When the Harvard team first announced its project – titled ‘Tastes, Ties and Time’ – it said the profiles would be tracked over time to see how relationships and interests evolved over time.
But the Facebook project began to fall apart in 2008 after the Harvard research team began to release, publicly, part of the data.
That helped Michael Zimmer, an assistant profressor at the University of Wisconsin, to ‘crack” the ‘anonymous’ data and show it belonged to the Harvard undergraduates.
Now the archive has been pulled offline and the Harvard research team faces criticism from students that their Facebook profiles were downloaded without permission, and that their privacy had not been protected.
Jason Kaufman, the project’s principal investigator and research felow at Harvard’s Berkman Center for Internet and Society, hit back, accusing critics of behaving like ‘academic paparazzi’, according to the Chronicle of Higher Education.
The data was edited to reduce the potential for identification of individual students, and that no student was claiming to have suffered actual harm because of the project, he added.
But Michael Zimmer told the CHE: “The steps they tried to take to engage in innovative research, to me, fell short.”

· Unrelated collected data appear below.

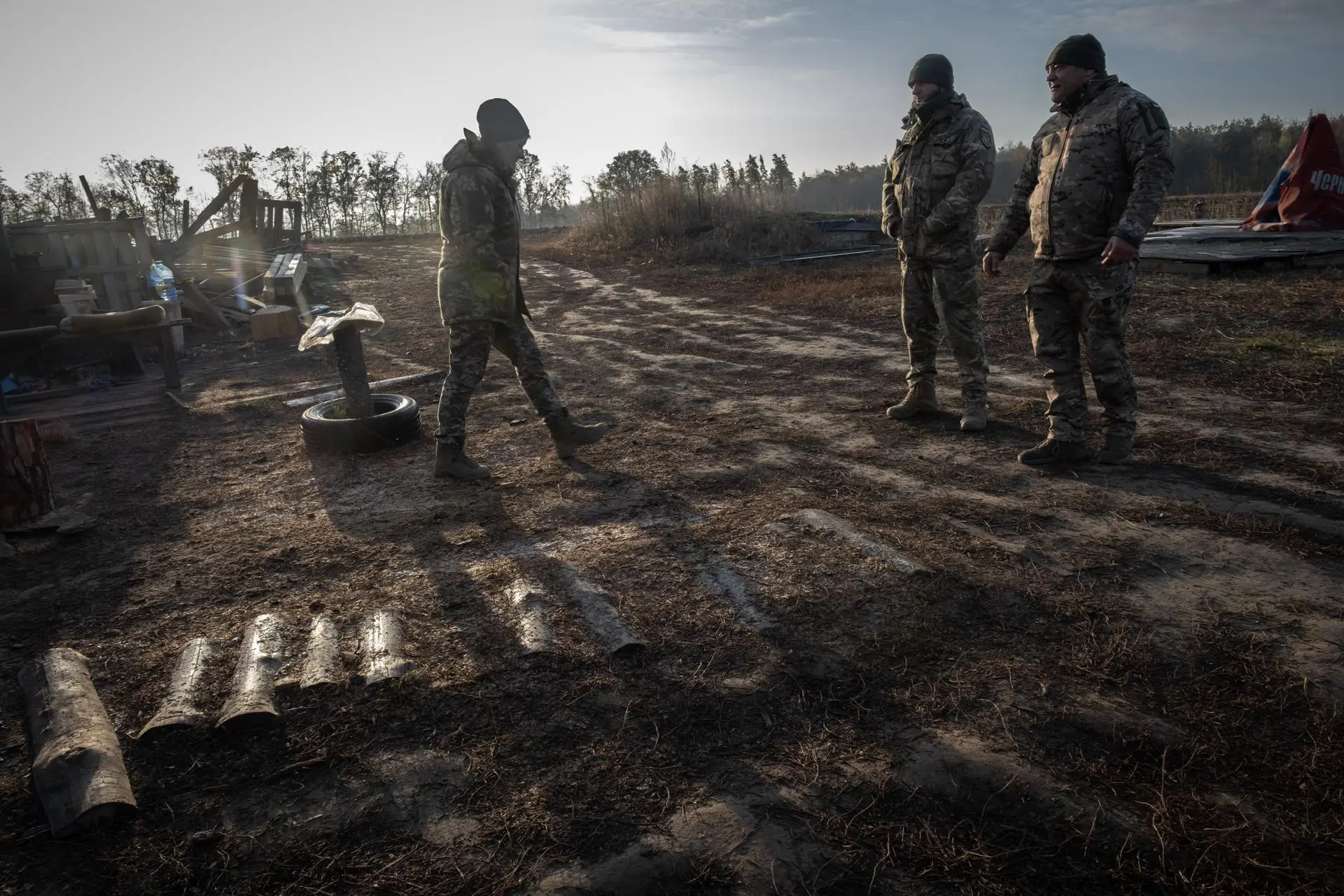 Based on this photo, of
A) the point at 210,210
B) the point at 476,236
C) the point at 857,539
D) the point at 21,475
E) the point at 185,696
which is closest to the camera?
the point at 185,696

He said the Facebook project excited many because it offered vast amounts of data, collected over time – a major challenge to sociologists.
Jason Kaufman himself described the Facebook data as “a complete social universe.”
But Mr Zimmer said the data breach possibly happened because the Harvard research team used resarach assistants who had access to Harvard’s Facebook network – whose student may not have wanted their information shared with anyone outside the university.
Mr Kaufman also admitted, the CHE reported, that the 1,700 Harvard students were not told about the data gathering. “We all agreed it was not necessary, either legally or ethically,” he is quoted as saying.